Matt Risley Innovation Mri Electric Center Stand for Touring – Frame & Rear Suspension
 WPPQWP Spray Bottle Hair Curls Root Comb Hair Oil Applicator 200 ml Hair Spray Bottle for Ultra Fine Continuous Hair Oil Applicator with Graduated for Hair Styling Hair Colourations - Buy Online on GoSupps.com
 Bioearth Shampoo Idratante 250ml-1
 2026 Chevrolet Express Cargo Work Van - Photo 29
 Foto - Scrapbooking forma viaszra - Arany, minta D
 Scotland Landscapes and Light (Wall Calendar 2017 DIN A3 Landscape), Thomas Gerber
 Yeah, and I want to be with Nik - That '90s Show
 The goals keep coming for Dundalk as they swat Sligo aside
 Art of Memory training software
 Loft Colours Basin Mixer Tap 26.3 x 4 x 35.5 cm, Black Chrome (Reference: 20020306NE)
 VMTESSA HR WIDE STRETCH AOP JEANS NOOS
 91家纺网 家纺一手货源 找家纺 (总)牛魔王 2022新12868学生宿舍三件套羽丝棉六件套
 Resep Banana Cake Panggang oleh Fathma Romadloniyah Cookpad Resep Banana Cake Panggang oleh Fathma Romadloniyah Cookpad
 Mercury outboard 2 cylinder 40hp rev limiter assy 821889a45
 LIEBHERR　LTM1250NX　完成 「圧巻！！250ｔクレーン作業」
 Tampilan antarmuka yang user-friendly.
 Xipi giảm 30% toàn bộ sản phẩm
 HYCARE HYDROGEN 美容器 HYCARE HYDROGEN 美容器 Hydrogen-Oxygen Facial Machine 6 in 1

···

• [Task to complete]
Look through the entries for lines containing the word "with" and return each one.

• [Solution to the exercise]
 WPPQWP Spray Bottle Hair Curls Root Comb Hair Oil Applicator 200 ml Hair Spray Bottle for Ultra Fine Continuous Hair Oil Applicator with Graduated for Hair Styling Hair Colourations - Buy Online on GoSupps.com
 Yeah, and I want to be with Nik - That '90s Show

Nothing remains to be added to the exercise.